PhD Graduate Seminar- Feras Machour
30/07/2024 01:00
Feras Machour

Harnessing DNA replication stress to target RBM10 deficiency in lung adenocarcinoma

Background and Motivation: Lung cancer has the highest mortality rate among all types of cancer worldwide. Strikingly, the RNA-binding motif protein 10 (RBM10) is the most mutated splicing factor in lung adenocarcinoma (LUAD) (~9-25% of all cases). Most RBM10 cancer mutations are loss-of-function, correlating with increased tumorigenesis and limiting the efficacy of current LUAD targeted therapies. Remarkably, therapeutic strategies leveraging RBM10 deficiency remain unexplored, highlighting the urgency for innovative approaches to target RBM10 loss in LUAD.
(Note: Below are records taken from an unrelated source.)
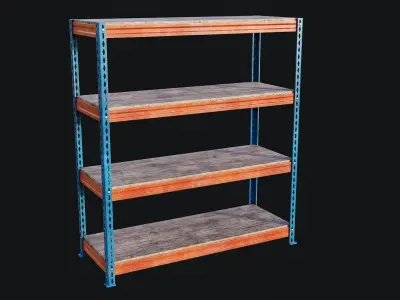 Storage Shelves - Game Ready PBR Low-poly 3D model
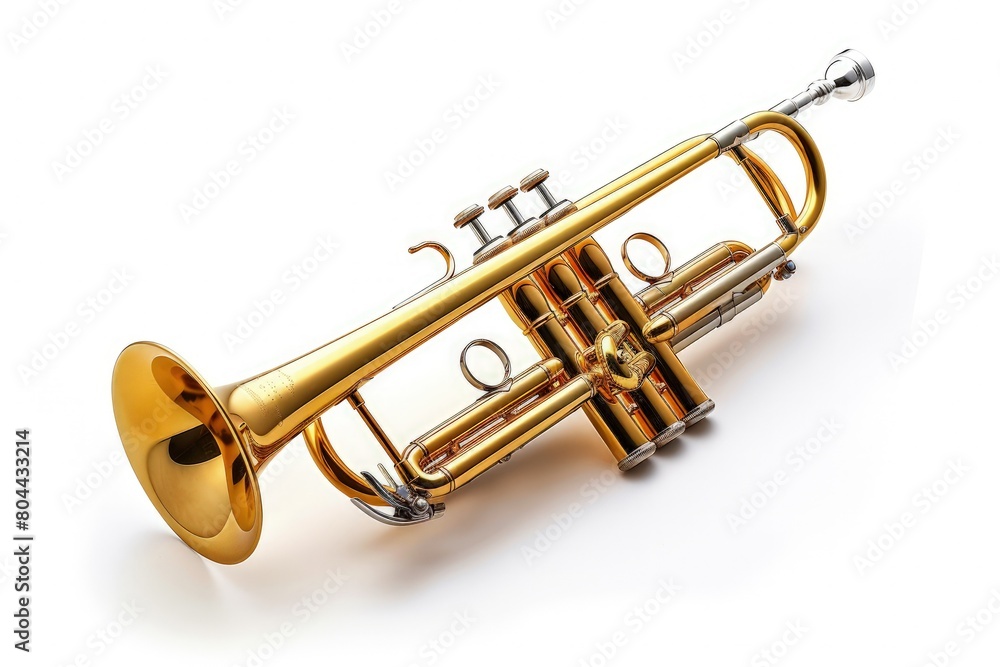Obraz premium Trumpeting Excellence: Unveiling the Instrument's Brilliance on white background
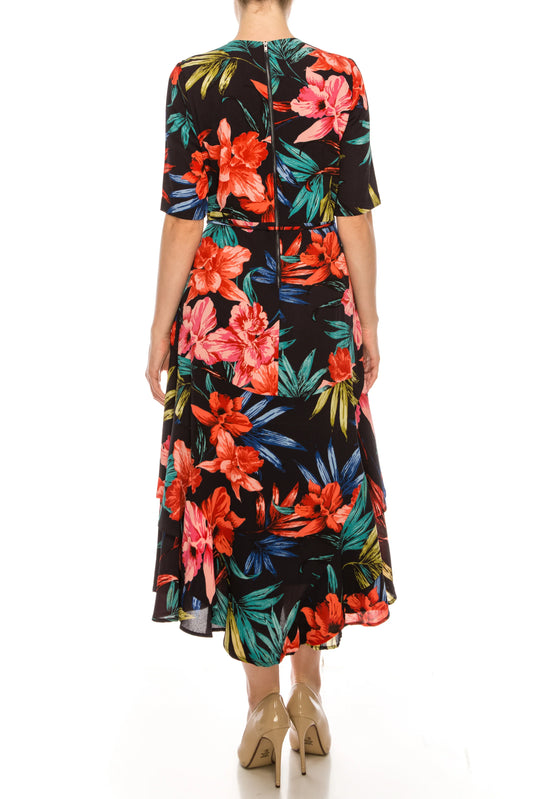 Maison Tara Floral Illusion Wrap Midi Dress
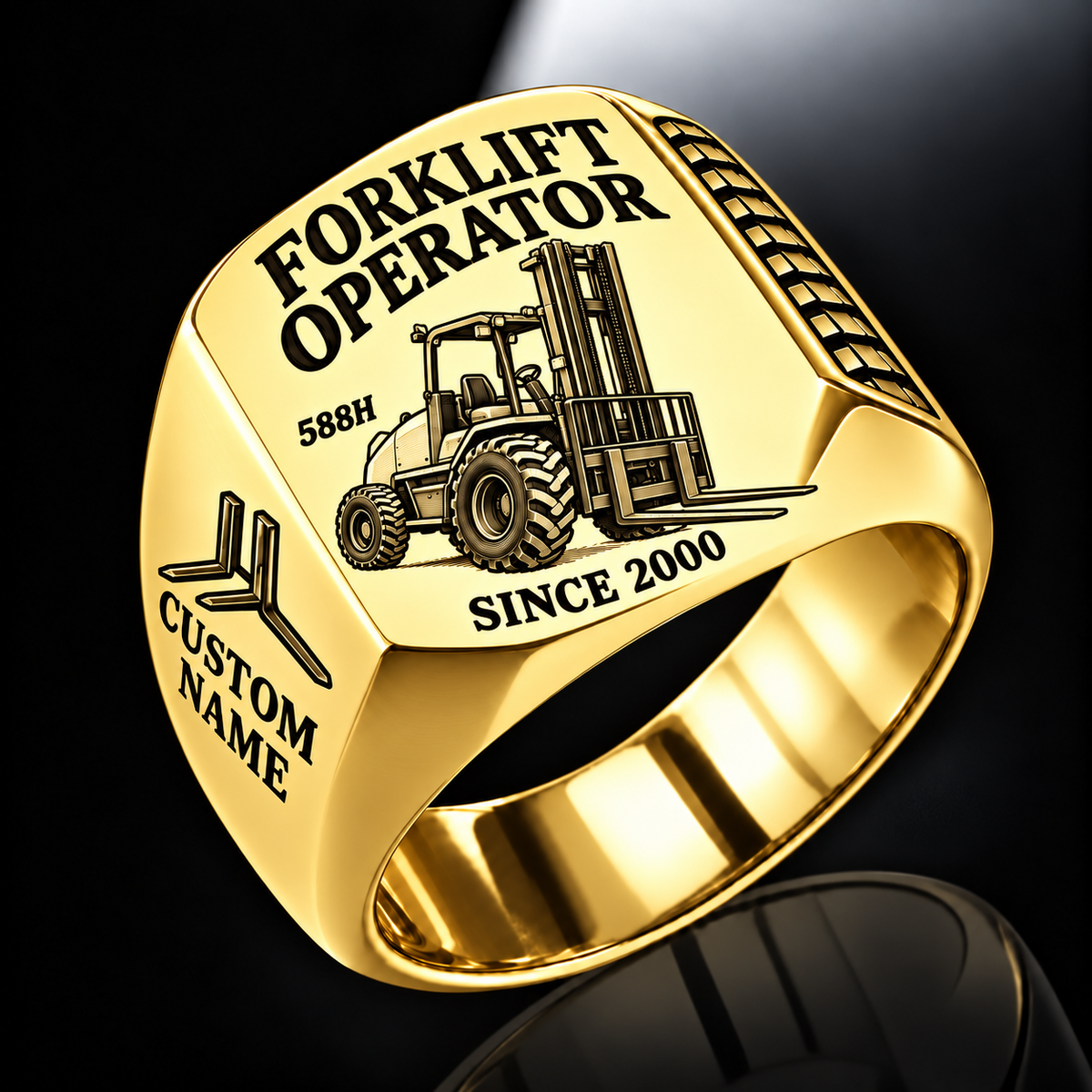Gold personalized 588H rough terrain forklift operator signet ring with original unbranded machinery, CUSTOM NAME and SINCE 2000.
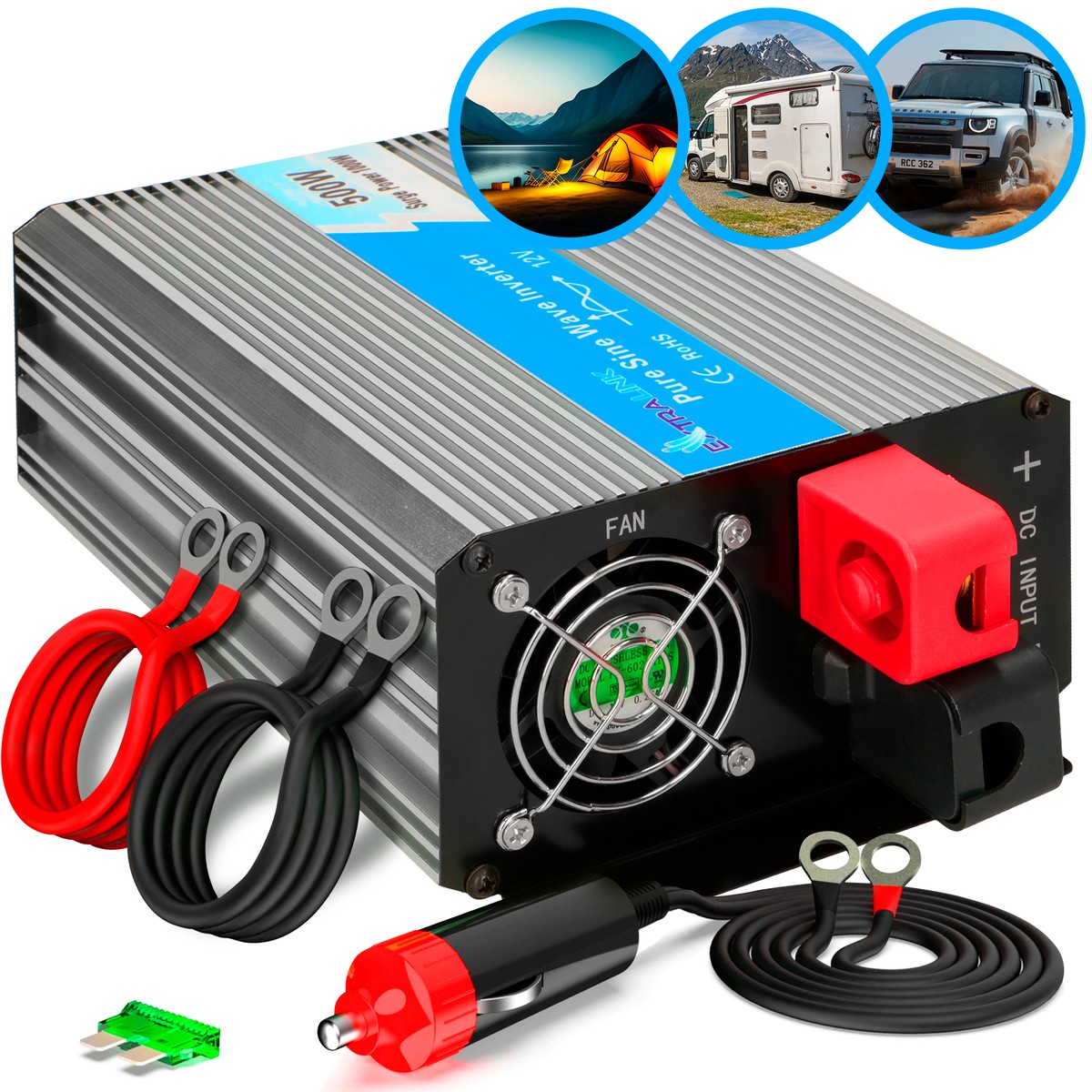 Extralink OPIP-500W autojen invertteri, 12V, 500W puhdas sinikäyrä (kuva varten) Extralink OPIP-500W autojen invertteri, 12V, 500W puhdas sinikäyrä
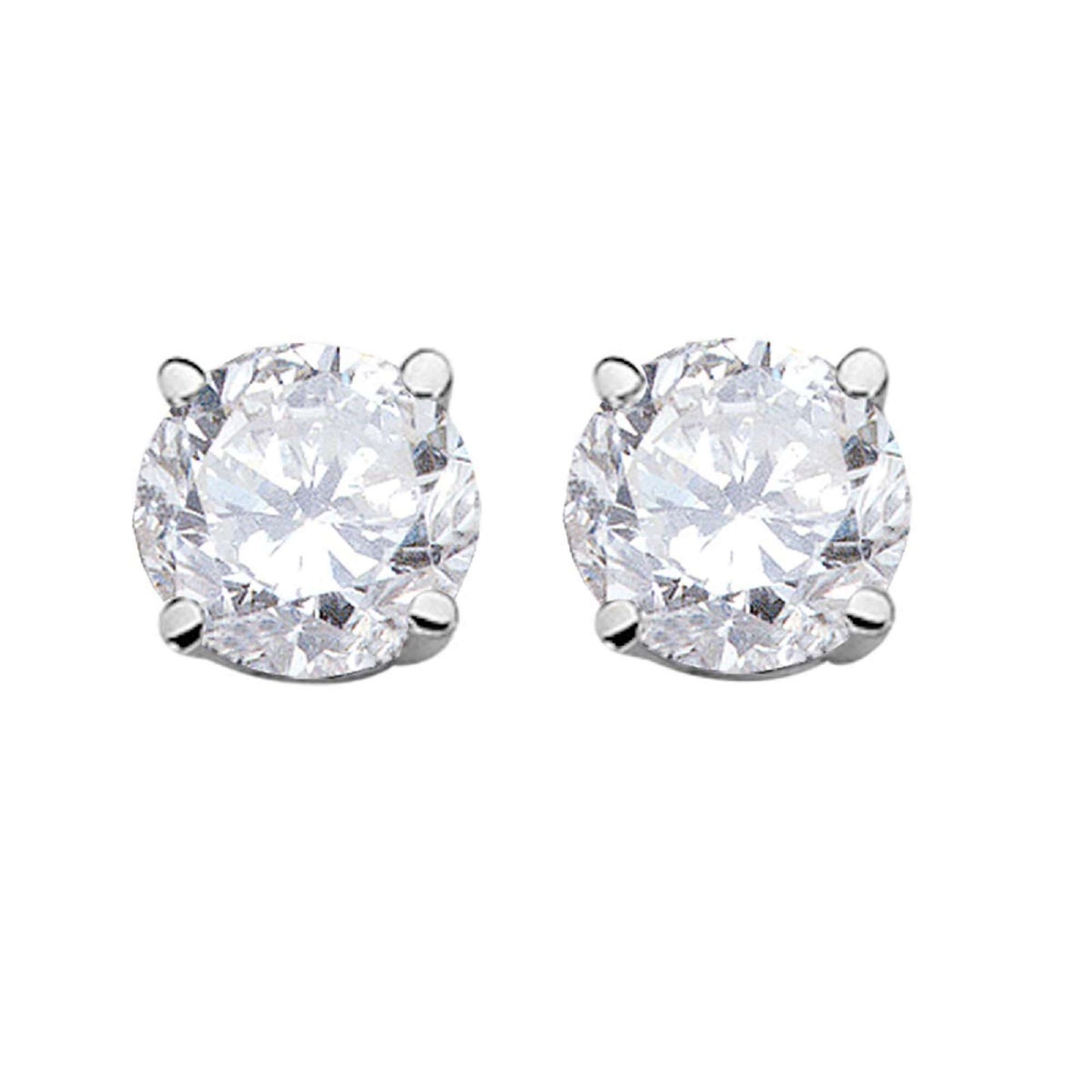 0.20 Carat Round White Diamond Stud Earrings For Women In 14K Solid White & Yellow Gold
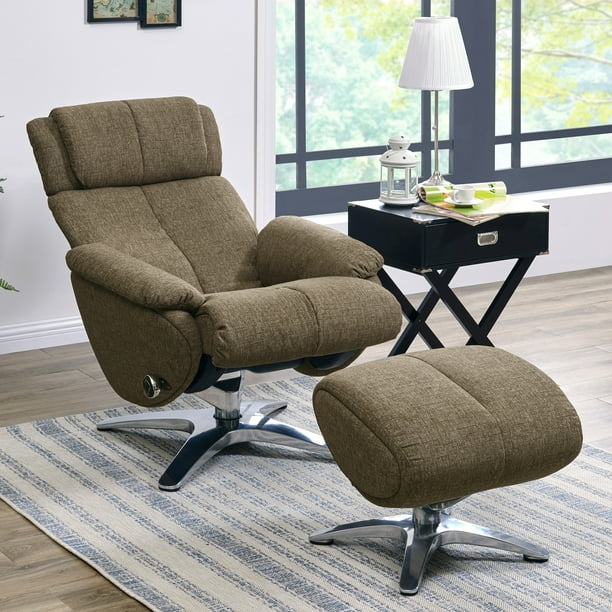 ProLounger Sten Brown Chenille Contemporary Swivel ...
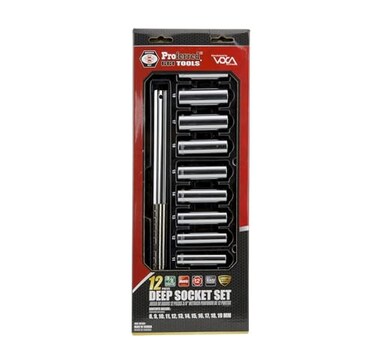 Proferred S07301 38 Drive Standard Metric Socket Set 12 Piece 12 Point Deep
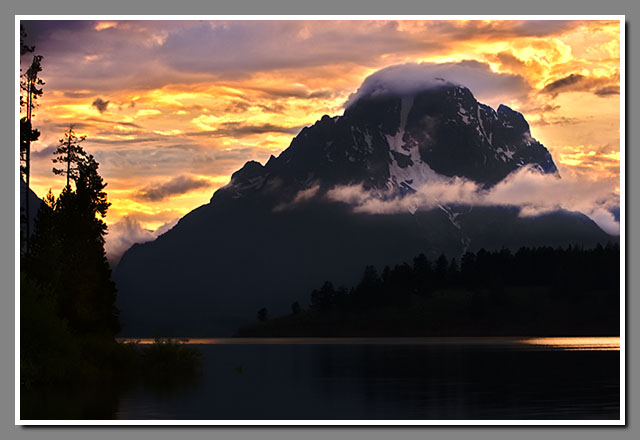 Grand Teton National Park, Mount Moran, Jackson Lake, sunset, storm, Wyoming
Research Goal: Exploit the high mutation rate of RBM10 in LUAD for selective eradication of RBM10-mutated LUAD tumors.

Results: We conducted a CRISPR-Cas9 synthetic lethality (SL) screen and identified ~60 RBM10 SL genes, including WEE1 kinase. WEE1 inhibition sensitized RBM10-deficient LUAD cells in-vitro and in-vivo. Intriguingly, we identified a splicing-independent role of RBM10 in regulating DNA replication fork progression and replication stress response, which underpins RBM10-WEE1 SL. Mechanistically, we reveal that RBM10 physically interacts with active DNA replication forks and modulates R-loop homeostasis to maintain replication fork stability.

Conclusions: Our data reveal an unexpected function of RBM10 in fine-tuning DNA replication, independent of its canonical splicing function. In a broader context, these findings reveal an unexplored aspect of DNA replication regulation involving a noncanonical function of RNA splicing factors. Moreover, our data provide an arsenal of therapeutic targets, such as WEE1, that can be utilized to target RBM10-mutated LUAD tumors with immediate clinical applicability.